Harry Wild Jones (June 9, 1859 – September 25, 1935) was an American architect based in Minneapolis who designed throughout the country and the world. Born two years before the start of the American Civil War, Jones, a twelfth-generation New Englander, took his place on the American architectural stage in the late 19th century. His life spanned seventy-six years, during a period of U.S. history that matched his exuberant, spirited personality. Known as an architect adept at any design technique, Jones is credited with introducing Shingle Style architecture to Minneapolis.

== Early life ==

Jones was born in Schoolcraft, Michigan, son of the minister to a small Baptist congregation. He was the only child of Reverend Howard Malcom and Mary White Smith Jones. Jones' middle name was chosen as a tribute to his great-great aunt, Rebecca Wild, who lovingly cared for Reverend Jones after the death of his mother when he was a toddler. The Joneses and the Smiths traced their New England roots back to the arrival of the first permanent European settlers to the eastern seaboard. The Joneses are direct descendants of Mayflower passengers William Bradford, John Alden, and Priscilla Mullins. The Smith relations arrived in North America a few years later as the Great Migration from England continued.

With his father's pastorate changing often, by age ten young Harry had lived in Michigan, Wisconsin, Maine, and New York. His family finally settled in the seaside town of Bristol, Rhode Island where he completed his childhood as the only child of the town's only Baptist minister. Jones' secondary education was focused on preparation to enter Brown University in Providence, an institution with strong family ties.
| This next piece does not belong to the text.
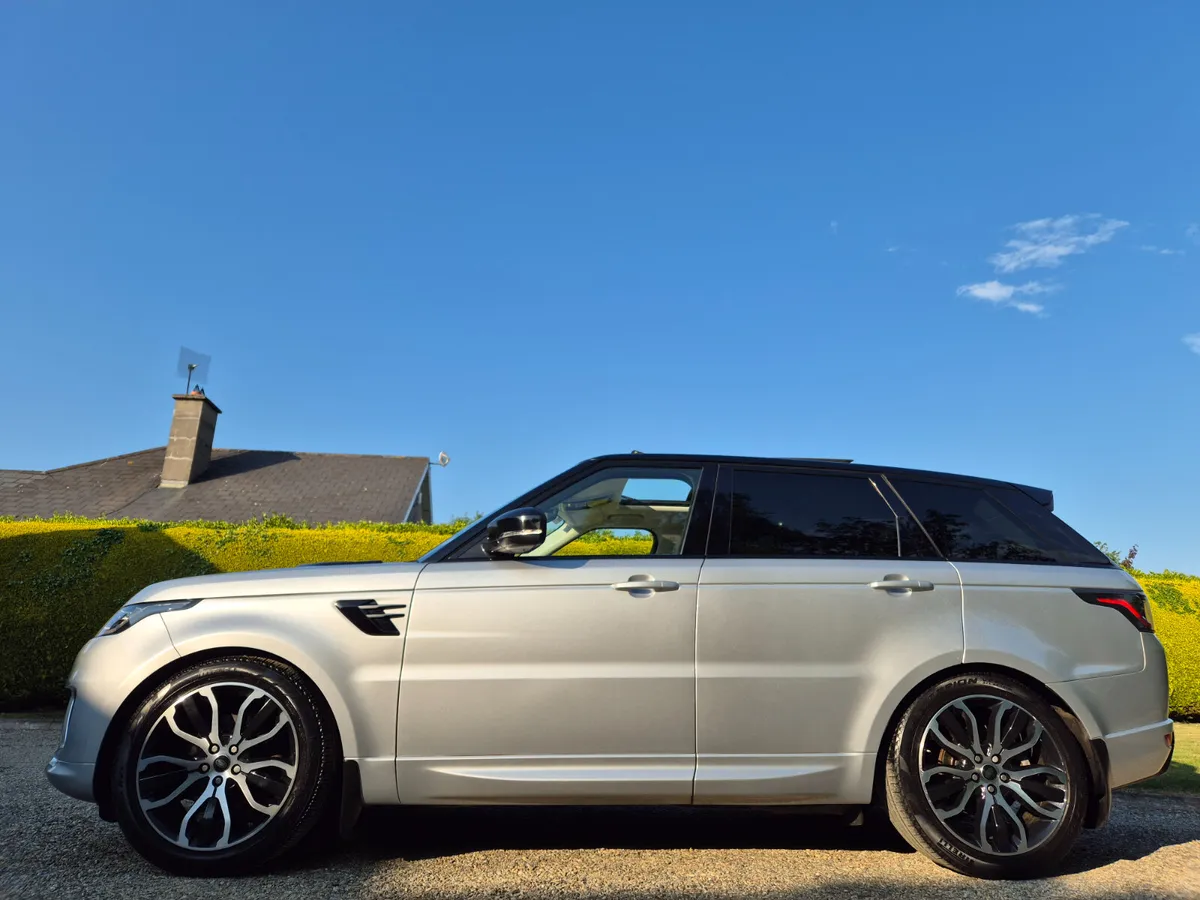 192'RANGE ROVER SPORT 3.0 SDV6 HSE - Image 3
In addition to being his father's alma mater, Brown was founded with assistance from Jones' great-great grandfather, Reverend Hezekiah Smith (1737-1805). Reverend Smith, born in New York, showed particular support toward Rhode Island for its advocacy of religious tolerance. During the American Revolutionary War, he provided religious guidance as General George Washington's chaplain. Brown University, a college deeply rooted in religion tolerance, maintained a strong emphasis toward preparing its all male students for a life in the ministry. As the progeny of generations of religious clerics, Jones would have to work hard to show his family his interest in architecture.

In 1878, Jones entered Brown University and remained there for two years. Following his dream to become an architect, he transferred to Massachusetts Institute of Technology (MIT) in 1880, and graduated from the two-year Short Course Architecture Program in 1882. Immediately after graduation, Jones was hired as a draftsman in the Boston architectural firm of Henry Hobson Richardson. Richardson "recognized talent . . . his draftsman were considered the best available."

After a year working for Richardson, Jones, with his bride Bertha Juliet Tucker, moved to Minneapolis, Minnesota, in September 1883. As the newest, and youngest, architect in the Mill City, Jones went to work for architects James C. Plant and William Channing Whitney. When their partnership dissolved the following year, Jones went to Europe to study architecture for six months before founding his own Minneapolis practice in 1885.

== Professional career ==

Jones set up his practice in the newly completed Lumber Exchange Building in downtown Minneapolis, where he remained from 1886 to 1921. His work included designs for commercial, residential, and church customers with a roster of clients including businessmen Emery Mapes (founder of the Cream of Wheat Company), Will Savage (whose name is synonymous with the winning racehorse Dan Patch), meatpacking mogul George A. Hormel, and philanthropist T. B. Walker.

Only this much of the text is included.